The same principle can also apply to urban areas where green spaces that acted as sponges are built on and concrete plazas and driveways replace gardens.
“If you have your own home, don’t pave over your garden, put in a rain butt to catch the runoff from your roof, even planters will catch rain if you don’t have much space,” she says.
“We’re all in this together and we must work together to help ourselves.”
Too late, sighs Keating, who points to recent development in the field beside his home as the main cause of his problems.
“It used to soak up the water when the river got high but there’s nowhere for the water to go now,” he says.
“And those new houses got flooded too so it’s not just me I feel bad for – they’ve been left with this situation too.”
Murphy empathises: “The most powerful tool we have at our disposal is planning,” he says.
“It’s really important in a housing crisis when we’re facing into increased building that we don’t put new builds in flood plains and that we take account of how current pressures will play out with ongoing climate change.”
If the planners aren’t looking at this, insurers certainly are.
A Central Bank report in 2024 found one in 20 buildings was uninsurable for flood risk because flood cover was denied or was too expensive.
The Department of Finance has since set up a working group with the Office of Public Works and industry body, Insurance Ireland, which is examining this “flood protection gap”.
“It is acknowledged at an EU level that this gap may widen in the light of the increasing frequency and severity of weather events due to climate change,” a department spokesperson said.

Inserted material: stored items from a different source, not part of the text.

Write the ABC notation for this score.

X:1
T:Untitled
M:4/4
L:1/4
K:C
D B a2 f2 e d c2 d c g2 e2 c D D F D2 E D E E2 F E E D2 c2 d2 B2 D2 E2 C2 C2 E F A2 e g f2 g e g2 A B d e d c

“Work is under way to consider potential solutions, specific to Ireland, to increase the availability and affordability flood insurance.”

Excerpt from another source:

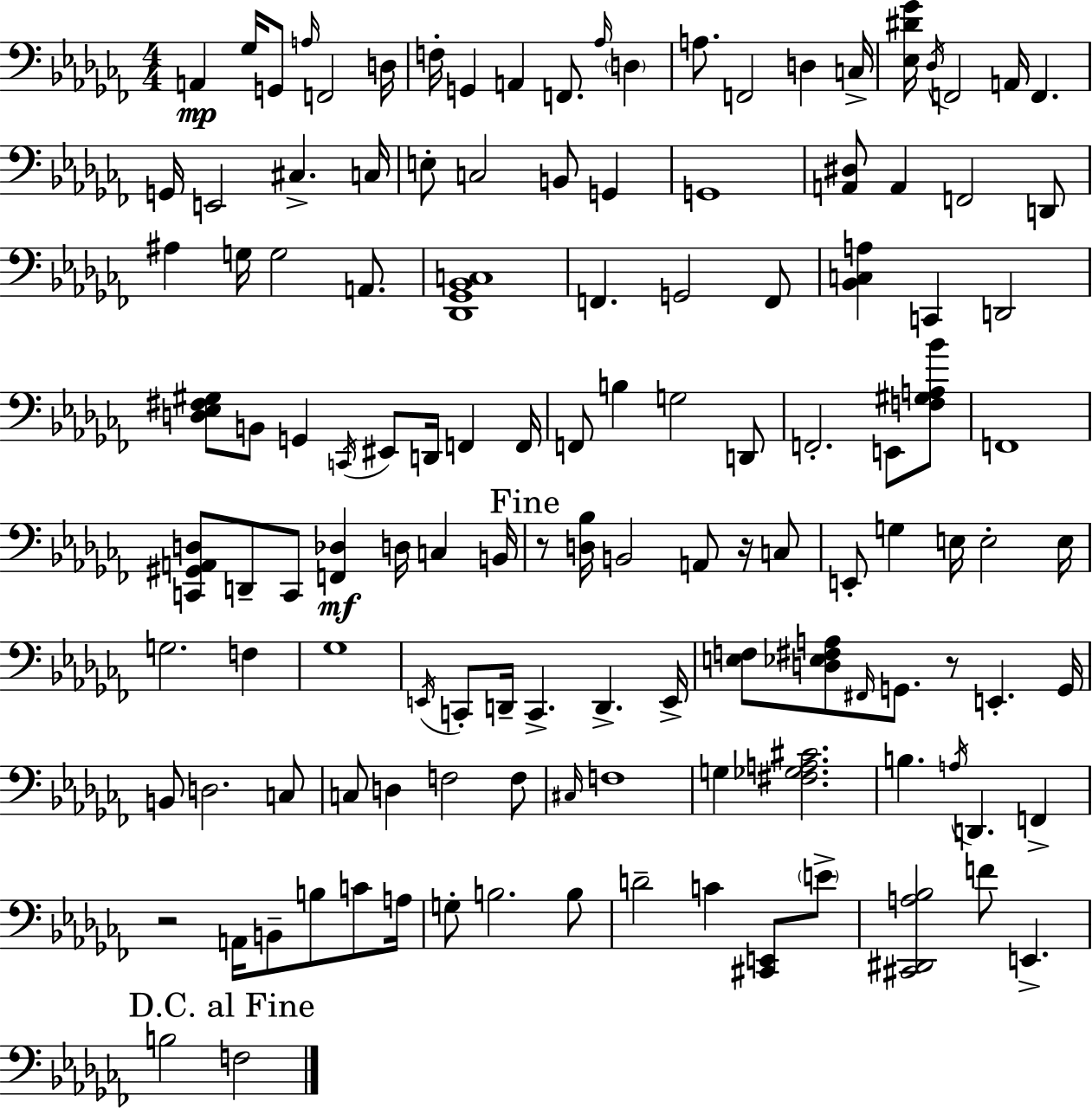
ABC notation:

Neither the department or Insurance Ireland would say whether State-provided flood insurance was being considered.
“There is a gap but it’s 5 per cent which is low by international standards and there are a few components to reducing it,” said Insurance Ireland spokesman Michael Moran.

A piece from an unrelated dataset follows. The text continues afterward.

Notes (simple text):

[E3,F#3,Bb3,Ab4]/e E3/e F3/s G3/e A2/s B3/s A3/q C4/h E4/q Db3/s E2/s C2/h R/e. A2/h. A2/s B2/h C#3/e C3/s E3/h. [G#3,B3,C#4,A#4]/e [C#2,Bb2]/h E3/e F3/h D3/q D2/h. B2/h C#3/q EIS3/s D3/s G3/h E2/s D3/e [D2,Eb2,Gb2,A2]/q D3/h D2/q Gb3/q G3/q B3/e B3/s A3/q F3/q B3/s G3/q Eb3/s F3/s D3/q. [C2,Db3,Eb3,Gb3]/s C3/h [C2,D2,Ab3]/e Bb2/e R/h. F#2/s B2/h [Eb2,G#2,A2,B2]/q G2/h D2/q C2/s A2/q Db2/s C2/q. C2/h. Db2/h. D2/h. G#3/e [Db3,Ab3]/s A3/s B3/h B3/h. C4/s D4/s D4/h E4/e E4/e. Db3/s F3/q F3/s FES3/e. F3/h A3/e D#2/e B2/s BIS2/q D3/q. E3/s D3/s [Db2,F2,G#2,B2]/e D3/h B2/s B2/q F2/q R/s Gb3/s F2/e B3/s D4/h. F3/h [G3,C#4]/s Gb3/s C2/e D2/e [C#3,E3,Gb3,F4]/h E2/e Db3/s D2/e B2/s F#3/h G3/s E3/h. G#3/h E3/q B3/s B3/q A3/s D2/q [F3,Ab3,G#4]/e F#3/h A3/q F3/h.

“Not building on flood plains, building flood defences, making homes more flood resilient with tiled floors and raising electrical sockets – all those will help.”
Property owners often hold the anecdotal belief that they will not get flood insurance within 100 metres of a waterway but Moran was coy.
“Insurance companies make their own individual underwriting decisions,” he says. “There is no generic kind of rule like that.”
Keating is not keen to find out. “I have flood insurance but I don’t know if I’ll claim off it,” he says.
“I didn’t the last time and if I claim, my premium will go way up – if they even agree to insure me again.”
The issues Storm Chandra brought to the fore have been well flagged with extreme rainfall previously considered a one-in-100 year probability now happening much more frequently.
The National Climate Change Risk Assessment published by the Environmental Protection Agency last summer warns Ireland will see “an increase in the frequency and severity of river, surface water, and groundwater flooding events”.
“Due to the prevalence of hard surfaces which exacerbate flood risk, the built environment is considered particularly exposed to flood-related impacts, with transport infrastructure and buildings highly exposed.”
Alarmingly, it sees these risks “increasing to critical by mid-century, with potential to reach catastrophic levels of consequence by the end of the century”.
“I don’t really know what way to think about all of this,” says Keating.
“It was a no-brainer for us to build here because we had the site and it’s beside family but would I advise anyone else?
“I don’t know. We have rivers and streams everywhere. Unless you’re going to live on a mountaintop I don’t know is anyone completely safe.”